El texto hace referencia a una típica oración de Jesús. Lo central en ella es el apelativo Abba,
Padre, con que Jesús se dirige a Dios. Expresa afecto, cariño, intimidad,
y deja ver que Jesús se entiende a sí mismo en relación de hijo a padre con
Dios. Es palabra aramea, tierna y primordial para quien la pronuncia y para
quien la escucha; el niño (y también el adulto) la dice por el gozo y confianza
que la presencia de su padre le causa.
Con ella Jesús designa el misterio
insondable de Dios con la máxima cercanía que nadie antes había imaginado. Así
lo siente y así lo ha integrado en su autoconciencia. Y como se trata de la
experiencia afectiva más básica y profunda de un ser humano, se puede decir que
la palabra Abba no se refiere al padre poniendo de lado a la madre (como
opuesta o inferior a él) sino a un padre que ama con amor maternal, como aquel
que más cerca está del niño por su afecto.

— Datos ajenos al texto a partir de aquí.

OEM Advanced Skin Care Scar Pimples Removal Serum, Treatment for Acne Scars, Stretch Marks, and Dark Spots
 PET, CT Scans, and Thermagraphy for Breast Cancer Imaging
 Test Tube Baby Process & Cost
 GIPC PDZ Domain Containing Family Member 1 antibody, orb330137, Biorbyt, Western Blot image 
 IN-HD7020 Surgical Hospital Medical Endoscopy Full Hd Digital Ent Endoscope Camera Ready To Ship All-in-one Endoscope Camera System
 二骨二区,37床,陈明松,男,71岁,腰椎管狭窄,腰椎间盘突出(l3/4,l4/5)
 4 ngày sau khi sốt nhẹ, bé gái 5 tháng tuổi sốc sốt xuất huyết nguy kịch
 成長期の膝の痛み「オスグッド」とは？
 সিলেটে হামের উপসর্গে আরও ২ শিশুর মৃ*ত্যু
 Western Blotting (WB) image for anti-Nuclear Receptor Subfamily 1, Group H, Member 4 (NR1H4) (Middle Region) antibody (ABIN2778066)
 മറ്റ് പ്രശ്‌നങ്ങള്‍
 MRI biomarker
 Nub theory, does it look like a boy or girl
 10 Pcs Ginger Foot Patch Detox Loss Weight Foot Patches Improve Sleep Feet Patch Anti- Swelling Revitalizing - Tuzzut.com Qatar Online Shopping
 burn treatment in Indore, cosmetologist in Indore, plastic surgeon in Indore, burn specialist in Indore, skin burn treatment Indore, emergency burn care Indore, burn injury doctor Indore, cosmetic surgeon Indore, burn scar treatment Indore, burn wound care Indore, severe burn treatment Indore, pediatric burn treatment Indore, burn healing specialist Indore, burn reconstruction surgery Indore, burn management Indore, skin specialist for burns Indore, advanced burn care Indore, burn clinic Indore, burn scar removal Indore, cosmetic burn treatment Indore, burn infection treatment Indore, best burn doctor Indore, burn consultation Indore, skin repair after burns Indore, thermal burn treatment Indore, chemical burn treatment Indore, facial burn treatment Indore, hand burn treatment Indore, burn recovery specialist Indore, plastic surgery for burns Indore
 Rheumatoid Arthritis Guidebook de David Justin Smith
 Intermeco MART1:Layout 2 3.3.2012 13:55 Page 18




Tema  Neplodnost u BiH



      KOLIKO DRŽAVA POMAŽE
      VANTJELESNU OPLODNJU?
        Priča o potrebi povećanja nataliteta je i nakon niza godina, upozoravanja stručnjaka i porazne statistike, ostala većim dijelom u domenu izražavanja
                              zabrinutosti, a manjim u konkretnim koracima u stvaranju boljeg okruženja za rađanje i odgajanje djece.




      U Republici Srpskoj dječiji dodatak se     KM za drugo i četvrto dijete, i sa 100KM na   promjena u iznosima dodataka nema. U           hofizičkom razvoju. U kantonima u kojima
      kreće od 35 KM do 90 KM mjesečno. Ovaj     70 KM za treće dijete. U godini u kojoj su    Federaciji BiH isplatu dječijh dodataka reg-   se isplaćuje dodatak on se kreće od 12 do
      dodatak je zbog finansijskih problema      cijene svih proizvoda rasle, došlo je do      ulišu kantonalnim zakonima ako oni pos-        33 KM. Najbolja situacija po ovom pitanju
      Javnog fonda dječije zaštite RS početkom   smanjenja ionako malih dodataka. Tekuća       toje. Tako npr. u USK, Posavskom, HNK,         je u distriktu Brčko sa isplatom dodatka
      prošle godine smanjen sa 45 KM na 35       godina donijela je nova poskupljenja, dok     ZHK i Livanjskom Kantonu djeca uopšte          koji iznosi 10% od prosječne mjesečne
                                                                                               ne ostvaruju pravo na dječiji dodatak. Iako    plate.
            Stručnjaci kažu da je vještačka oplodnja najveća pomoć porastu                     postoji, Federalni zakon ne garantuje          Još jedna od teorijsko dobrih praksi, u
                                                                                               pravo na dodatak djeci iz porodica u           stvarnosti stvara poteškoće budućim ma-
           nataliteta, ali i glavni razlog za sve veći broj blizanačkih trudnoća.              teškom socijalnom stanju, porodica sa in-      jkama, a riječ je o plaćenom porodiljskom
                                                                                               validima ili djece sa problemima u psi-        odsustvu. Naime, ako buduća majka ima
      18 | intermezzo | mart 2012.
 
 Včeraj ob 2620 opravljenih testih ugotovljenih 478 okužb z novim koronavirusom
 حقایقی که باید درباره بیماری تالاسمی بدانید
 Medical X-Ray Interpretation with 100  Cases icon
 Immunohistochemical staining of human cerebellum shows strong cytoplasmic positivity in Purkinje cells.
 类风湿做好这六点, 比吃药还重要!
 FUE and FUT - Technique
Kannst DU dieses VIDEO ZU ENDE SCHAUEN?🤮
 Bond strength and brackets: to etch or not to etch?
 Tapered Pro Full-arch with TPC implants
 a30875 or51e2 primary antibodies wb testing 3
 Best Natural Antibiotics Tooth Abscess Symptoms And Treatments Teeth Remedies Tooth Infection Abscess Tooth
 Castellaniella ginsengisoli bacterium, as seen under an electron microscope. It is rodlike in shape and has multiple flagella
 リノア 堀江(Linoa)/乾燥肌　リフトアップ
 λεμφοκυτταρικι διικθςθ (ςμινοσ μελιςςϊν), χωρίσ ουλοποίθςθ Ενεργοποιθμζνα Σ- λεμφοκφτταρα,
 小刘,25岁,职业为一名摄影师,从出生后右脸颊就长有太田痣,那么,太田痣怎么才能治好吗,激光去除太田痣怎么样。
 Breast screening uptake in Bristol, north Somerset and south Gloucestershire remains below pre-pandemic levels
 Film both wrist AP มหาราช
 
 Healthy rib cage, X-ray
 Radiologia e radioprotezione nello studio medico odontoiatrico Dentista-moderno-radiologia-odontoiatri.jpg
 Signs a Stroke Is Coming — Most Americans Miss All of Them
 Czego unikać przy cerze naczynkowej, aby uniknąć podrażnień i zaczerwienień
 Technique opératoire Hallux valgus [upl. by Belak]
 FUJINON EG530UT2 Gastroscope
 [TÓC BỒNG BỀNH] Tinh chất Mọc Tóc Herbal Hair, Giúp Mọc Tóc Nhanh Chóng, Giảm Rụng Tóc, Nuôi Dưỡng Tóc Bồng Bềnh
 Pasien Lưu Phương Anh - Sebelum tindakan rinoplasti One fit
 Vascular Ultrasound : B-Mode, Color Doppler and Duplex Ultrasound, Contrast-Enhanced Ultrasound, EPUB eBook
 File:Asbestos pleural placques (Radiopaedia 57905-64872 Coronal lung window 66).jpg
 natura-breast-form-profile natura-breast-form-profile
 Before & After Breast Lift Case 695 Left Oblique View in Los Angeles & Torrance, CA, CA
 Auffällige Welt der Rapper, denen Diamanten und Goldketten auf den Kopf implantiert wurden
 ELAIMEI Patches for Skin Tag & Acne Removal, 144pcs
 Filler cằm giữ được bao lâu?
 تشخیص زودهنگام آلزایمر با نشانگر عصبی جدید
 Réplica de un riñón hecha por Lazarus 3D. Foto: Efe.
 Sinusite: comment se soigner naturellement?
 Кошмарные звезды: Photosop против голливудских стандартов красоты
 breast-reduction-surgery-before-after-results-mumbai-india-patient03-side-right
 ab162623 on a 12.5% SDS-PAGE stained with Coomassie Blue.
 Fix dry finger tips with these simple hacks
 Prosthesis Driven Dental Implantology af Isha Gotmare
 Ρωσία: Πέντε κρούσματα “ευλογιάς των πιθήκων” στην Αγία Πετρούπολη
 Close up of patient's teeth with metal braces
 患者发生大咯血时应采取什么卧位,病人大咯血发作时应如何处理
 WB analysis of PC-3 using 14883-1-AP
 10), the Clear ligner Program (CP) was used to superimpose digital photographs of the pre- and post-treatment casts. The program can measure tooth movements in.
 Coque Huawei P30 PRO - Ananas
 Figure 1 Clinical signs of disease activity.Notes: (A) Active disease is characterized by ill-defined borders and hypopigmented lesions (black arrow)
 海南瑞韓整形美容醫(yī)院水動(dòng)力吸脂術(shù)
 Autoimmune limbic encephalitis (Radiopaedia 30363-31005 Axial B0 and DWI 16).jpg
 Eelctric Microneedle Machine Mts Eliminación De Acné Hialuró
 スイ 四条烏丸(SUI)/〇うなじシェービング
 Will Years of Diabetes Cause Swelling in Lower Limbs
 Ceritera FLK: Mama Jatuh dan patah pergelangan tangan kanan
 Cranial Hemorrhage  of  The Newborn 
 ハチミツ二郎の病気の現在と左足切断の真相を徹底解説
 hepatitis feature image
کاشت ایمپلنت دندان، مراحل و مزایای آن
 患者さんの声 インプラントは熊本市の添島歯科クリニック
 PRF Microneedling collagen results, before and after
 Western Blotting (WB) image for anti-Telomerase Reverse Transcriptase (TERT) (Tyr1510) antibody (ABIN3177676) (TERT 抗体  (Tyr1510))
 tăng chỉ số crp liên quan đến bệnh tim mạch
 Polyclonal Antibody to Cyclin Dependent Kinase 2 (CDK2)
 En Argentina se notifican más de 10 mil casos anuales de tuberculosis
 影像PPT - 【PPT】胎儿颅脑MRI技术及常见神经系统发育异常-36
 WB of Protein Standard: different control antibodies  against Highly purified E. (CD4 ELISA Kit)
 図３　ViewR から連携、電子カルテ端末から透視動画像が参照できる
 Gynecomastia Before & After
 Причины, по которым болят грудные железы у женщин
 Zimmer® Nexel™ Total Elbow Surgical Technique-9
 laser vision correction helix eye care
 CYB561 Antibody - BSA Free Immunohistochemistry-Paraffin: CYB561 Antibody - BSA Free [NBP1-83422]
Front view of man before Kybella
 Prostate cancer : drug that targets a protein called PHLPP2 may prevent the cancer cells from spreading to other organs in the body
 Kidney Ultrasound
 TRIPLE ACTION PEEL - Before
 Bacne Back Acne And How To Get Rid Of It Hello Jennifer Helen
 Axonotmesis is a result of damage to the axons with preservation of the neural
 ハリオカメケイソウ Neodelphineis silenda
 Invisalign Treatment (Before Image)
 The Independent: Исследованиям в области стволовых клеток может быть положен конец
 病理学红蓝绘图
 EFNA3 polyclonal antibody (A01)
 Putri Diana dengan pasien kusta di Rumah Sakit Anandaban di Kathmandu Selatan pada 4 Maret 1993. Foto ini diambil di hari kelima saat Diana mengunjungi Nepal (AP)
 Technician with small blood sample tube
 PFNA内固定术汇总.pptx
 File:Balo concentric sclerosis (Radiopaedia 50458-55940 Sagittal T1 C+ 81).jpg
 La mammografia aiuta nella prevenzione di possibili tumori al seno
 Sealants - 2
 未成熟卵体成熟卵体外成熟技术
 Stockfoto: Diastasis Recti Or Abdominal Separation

La palabra Abbá dirigida a Dios
es central en la fe cristiana. Dios es para nosotros ternura de máxima
intimidad, sin dejar por ello de ser al mismo tiempo el Dios altísimo, Señor del
cielo y de la tierra. Dios es más íntimo a mí que yo mismo y a la vez
totalmente otro, misericordioso y justo, padre y madre.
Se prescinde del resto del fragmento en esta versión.